相続法改正と不動産 3回 遺産分割 (上) 全国貸地貸家協会専務理事・耶馬台コーポレーション社長 宮地忠継
住宅新報 2020年10月20日 号 10面

勝手に引き出した預金のゆくえ 具体的なケースを考えよう。伊藤剛氏は渋谷で建設機械のリース事業を行っている。奥さんは数年前に亡くなった。子供は3人で長男の純一、次男の紀夫、三男の光がいる。伊藤剛氏は独り身の気楽さから、渋谷区本町の賃貸マンションに住んでいる。長男の純一は勤めていた会社を辞めこの度不動産業を始めた。剛氏は長男純一を応援するため、自分が持っている高幡不動にある時価6000万円相当の賃貸用アパートを贈与した。長男純一は父親の剛氏にある時インターネット・バンキングを勧めた。そして、パスワードカードも入手した。
さて、このような状況下で父親剛氏が亡くなった。相続時の遺産はネット・バンキングの預金4000万円と渋谷に持っている時価2億円の小型の賃貸ビルだ。総額2億4000万円で遺言はない。遺産分割はどうなるのだろうか。まず、長男純一が昔父親からもらった高幡不動の時価6000万円の賃貸用アパートが問題となる。これは、「特別受益」と呼ばれて、相続の遺産分割を計算するときには、いったん被相続人である剛氏の財産であるとされ計算上戻される。これを「持ち戻し」と言う。
この戻された財産を含む3億円を遺産と見なし、遺言がないのでこれを3人で法定相続分に従って分ける。次男紀夫と三男光はそれぞれ1億円分を貰ってめでたしとなるが、長男純一は自分の相続分から「特別受益」分を引かなくてはならないので、長男純一の相続分は4000万円となる(民法第903条)。
ただ、ここで事件が起きる。長男純一は不動産業があまりうまくいっていない。今は喉から手が出るほど金が欲しい。兄弟3人での遺産分割協議はこれから始まる。金融機関はまだ剛氏の死亡を知らないので預金は凍結されていない。長男純一は、ついに禁じ手に手を染める。パスワードカードを持っているのでネット・バンキングを使って父親剛氏の預金4000万円を自分の支払先に振り込んでしまった。しかし次男、三男はまだ父親の預金4000万円があると思っている。

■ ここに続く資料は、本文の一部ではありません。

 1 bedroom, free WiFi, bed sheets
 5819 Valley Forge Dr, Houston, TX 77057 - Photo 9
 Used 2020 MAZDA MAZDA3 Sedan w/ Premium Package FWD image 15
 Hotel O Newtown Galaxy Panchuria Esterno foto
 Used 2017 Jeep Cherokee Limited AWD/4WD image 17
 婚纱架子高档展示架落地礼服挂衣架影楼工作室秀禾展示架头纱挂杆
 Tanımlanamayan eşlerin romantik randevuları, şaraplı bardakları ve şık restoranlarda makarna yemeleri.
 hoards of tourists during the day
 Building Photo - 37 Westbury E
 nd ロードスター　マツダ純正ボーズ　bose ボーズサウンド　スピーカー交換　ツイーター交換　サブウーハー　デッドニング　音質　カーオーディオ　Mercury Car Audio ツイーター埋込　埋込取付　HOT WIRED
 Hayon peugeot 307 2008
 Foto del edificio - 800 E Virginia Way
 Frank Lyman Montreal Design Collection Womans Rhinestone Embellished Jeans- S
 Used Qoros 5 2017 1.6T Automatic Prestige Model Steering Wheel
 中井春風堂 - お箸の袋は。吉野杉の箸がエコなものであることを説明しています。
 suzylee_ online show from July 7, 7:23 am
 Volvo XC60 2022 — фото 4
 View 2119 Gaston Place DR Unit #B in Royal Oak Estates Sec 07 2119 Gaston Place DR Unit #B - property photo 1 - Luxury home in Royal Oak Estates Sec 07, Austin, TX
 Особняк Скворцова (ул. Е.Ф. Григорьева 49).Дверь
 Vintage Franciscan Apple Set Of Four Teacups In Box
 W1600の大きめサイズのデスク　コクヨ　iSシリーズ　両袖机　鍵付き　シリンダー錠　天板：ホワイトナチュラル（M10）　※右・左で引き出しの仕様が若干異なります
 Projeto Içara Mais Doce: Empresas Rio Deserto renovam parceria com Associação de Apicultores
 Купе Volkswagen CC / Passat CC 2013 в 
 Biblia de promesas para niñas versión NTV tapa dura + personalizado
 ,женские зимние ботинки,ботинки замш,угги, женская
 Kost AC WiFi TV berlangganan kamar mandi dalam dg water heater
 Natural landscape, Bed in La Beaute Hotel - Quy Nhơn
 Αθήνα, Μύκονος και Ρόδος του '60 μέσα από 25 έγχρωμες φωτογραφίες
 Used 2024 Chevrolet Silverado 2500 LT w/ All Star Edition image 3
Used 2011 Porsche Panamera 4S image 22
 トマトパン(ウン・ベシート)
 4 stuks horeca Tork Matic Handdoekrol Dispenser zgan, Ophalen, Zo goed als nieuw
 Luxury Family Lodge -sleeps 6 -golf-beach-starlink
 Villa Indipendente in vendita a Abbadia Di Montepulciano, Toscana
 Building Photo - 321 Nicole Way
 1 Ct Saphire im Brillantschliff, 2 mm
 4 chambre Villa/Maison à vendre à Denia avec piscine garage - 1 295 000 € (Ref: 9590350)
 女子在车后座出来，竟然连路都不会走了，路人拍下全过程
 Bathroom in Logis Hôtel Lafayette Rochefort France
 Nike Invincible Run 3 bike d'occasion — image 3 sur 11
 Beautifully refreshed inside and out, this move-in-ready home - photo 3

ただ、この段階で形がある遺産は時価2億円の渋谷の小型賃貸ビルだけ。さて、そうなるとどうなるのか。今までの最高裁の判例では、相続すべき財産を算出するときの基礎になる財産は、その分割の時に相続財産として存在しているものでなければならないとされてきた。この原理を使えば、現実にある財産は2億円。ここに長男純一に対する特別受益を加えた計算上の財産は2億円6000万円。3人で割れば8666万円だから次男紀夫と三男光はそのまま各8666万円となります。長男純一は特別受益分が引かれるから(8666万円―6000万円で)2666万円となる。ただし、長男純一は勝手に引き出した4000万円を手に入れている。では、長男純一が処分した銀行預金4000万円は計算に入れなくてもよいのだろうか。ここが今回のテーマの重要なところとなる。